# Want to Buy T5 Bulbs



## Rob Tetrazona (Jun 21, 2005)

I need 4 new T5 bulbs. I'll've had 2 going for 2 years in May. In November, 2 more will need to be replaced. I have GE 6700K's that I got from Sun Light Supply Co. Now they advertise them as 6500K...sigh...I'm confused. What to do? Where to buy them? I think they jacked the price up too...major yawn! Looking for a place to order them from online. Let me know!


----------



## CincyCichlids (Oct 14, 2005)

Rob,
Look no further! I am sure I can help. I've picked up bulbs for Mark (04cobratorchred), and a few other buddies of mine.

I can get:
10,000K T5s (48" 54W) for about $14ea shipped 
6,500K GE Starcoat T5s (48" 54W) for about $16ea shipped

Not too bad of deal I don't think. It's better to order more than a couple at a time though, I think they ship max 6 or 9 to a box..because they put the bulbs in thin-walled PVC to protect them.

I'm working on a way to get ballasts cheaper too.


----------



## iceblue (Dec 2, 2005)

If you are not completly set on getting the GEs you might take a look at the Giesemann Middays. They are a 6000K bulb. I just added them to my new tank and just love the color they put out (neutral) and the way the plants and fish look under them. Have not seen the GEs in service so I can't really compare for you. However they are slightly more expensive.


----------



## CincyCichlids (Oct 14, 2005)

Iceblue, 
Which are more expensive the GE or the Giesemann? Where do you get them from? If you're near the Cincinnati area, you can check out the GE Starcoats if you're coming to the April meeting at my place. I have two tanks that are running half 10,000K and half 6500K.


----------



## iceblue (Dec 2, 2005)

The Giesemann are more expensive. Got mine from Marinedepot.com. I think they have a spectral graph either there or at Reefgeek.com if you wanted to compare output with the GEs. And I would love to swing by but I am from the Kansas City area.


----------



## reiverix (Mar 24, 2005)

I use the Giesemann 6000K bulbs. I was a bit wary about them going to look yellow but they are far whiter than I expected. I'll probably stick with them since I like the color.


----------



## Troy McClure (Aug 3, 2005)

How about 30" T5s??


----------



## Troy McClure (Aug 3, 2005)

Hey John, we simul-posted! I think now I have to buy you a Coke or something like that....


----------



## CincyCichlids (Oct 14, 2005)

Erik,
I see T5s in 24", 36", 48" and 60"... guess you'd have to run two 24" that are offset a bit?


----------



## AaronT (Apr 26, 2004)

Best price and service for T5 bulbs: www.reefgeek.com


----------



## Troy McClure (Aug 3, 2005)

CincyCichlids said:


> Erik,
> I see T5s in 24", 36", 48" and 60"... guess you'd have to run two 24" that are offset a bit?
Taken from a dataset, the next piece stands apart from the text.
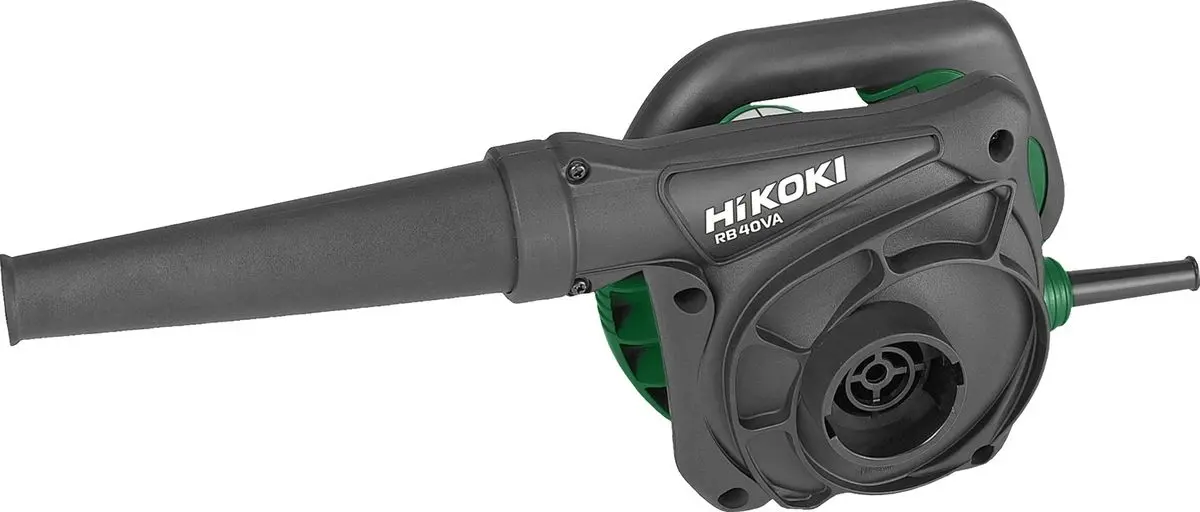 Suflanta electrica Hikoki RB40VAUTZ (Green)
I don't think it's 24". The Coralife fixture I'm picking up tomorrow is 30", 2x18W.


----------



## reiverix (Mar 24, 2005)

I use two of the 30" Coralife fixtures on my 29g tank and they are well worth it for the price.


----------



## CincyCichlids (Oct 14, 2005)

I guess the company I buy from doesn't stock the 30" bulbs??? But I really do love the T5 lighting, wonder when they'll come out with T1 lighting? 1/8" diameter haha.


----------



## Rob Tetrazona (Jun 21, 2005)

Chris, I'm good for 4 48" bulbs in the 6K range. Just let me know when you are thinking about placing the order.


----------



## JoeAyers (Apr 9, 2007)

Chris,

Can you do anything on end caps and or reflectors?

Joe


----------



## CincyCichlids (Oct 14, 2005)

Joe,
Certainly can. In fact I just ordered 4 Workhorse 7 ballasts and 32 endcaps to go with them. Figured you may need 2 or 3 of the ballasts, and if you didn't I'd use them or sell them. I'm pretty sure I found the cheapest place to get them. Reflectors for 48" bulbs are like $17 + shipping or so. So figure around ~$20 or so each.. probably a bit less if you get a bunch of them (like you will for your monster tank).
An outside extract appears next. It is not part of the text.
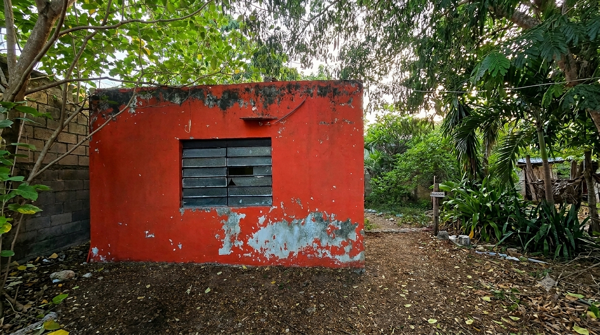 Terreno en venta en Chuburna de Hidalgo, Mérida — foto 3 de 7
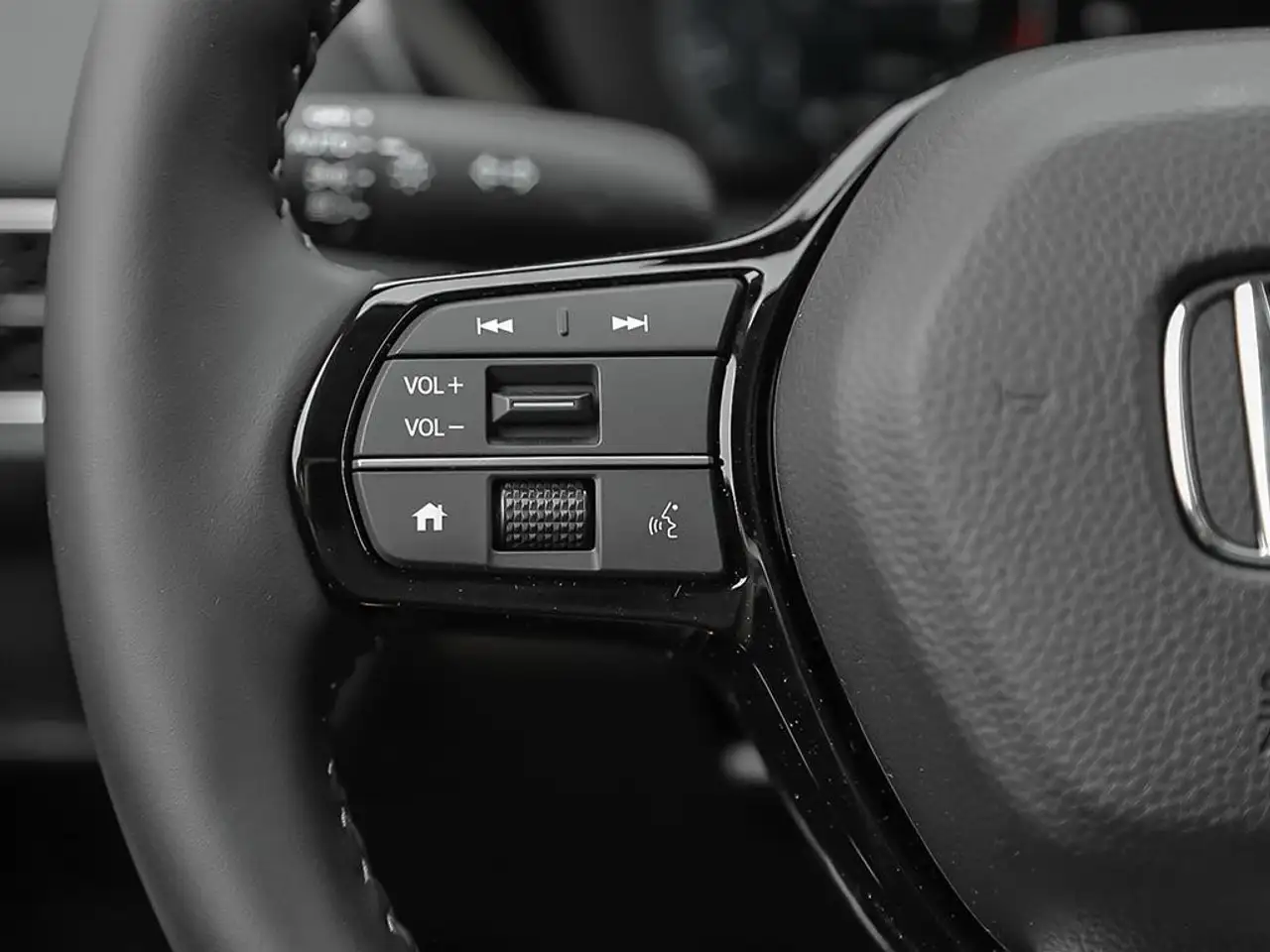 Honda HR-V photo Honda HR-V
Ask Mark (04Cobra) what he thinks of the T5 setup, I just helped him wire his Workhorse 7 and bulbs for his 90 gallon. I haven't seen it yet but it sounds like it lights up his whole room.

Chris


----------



## JoeAyers (Apr 9, 2007)

So can you ballpark what the cost will be per bulb? IE how much will the reflectors/caps/ballasts/bulbs etc cost per bulb. Are you running 3 or 4 bulbs off of the WH7?


----------



## CincyCichlids (Oct 14, 2005)

Joe, 
The workhorse 7 powers (4) T5 bulbs. I was thinking with a 3' wide tank you might want to put 12 bulbs over it for a well planted tank. That way you don't have shadow spots. With the reflectors they tend to focus the light very well (it's amazing how much brighter then reflectors make it), SeanD said it was something like 200% brighter or some huge number like that.

This is about what it breaks down to:

Workhorse 7 ~ $38 w/shipping ($9.50/bulb)
T5 End caps ~ $8/bulb w/shipping
T5 Bulb ~ $15/bulb w/shipping 
T5 Reflector ~$19 w/shipping

= $51.50/bulb. (and about $15 to replace every 2 years). In the latest Dr. Fosters and Smith, 96W PC bulbs are about $37each + shipping and the 65W are $23-28 + shipping. So for almost the cost of the PC you pay for the bulb, ballast, end cap and reflector.

Per Ballast you're looking at:
$38 ballast
$26 end caps
$55 bulbs
$70 reflectors

So somewhere about $185 for 216 watts of very bright light. Shipping will be less, with the more you order so it shouldn't be too bad. 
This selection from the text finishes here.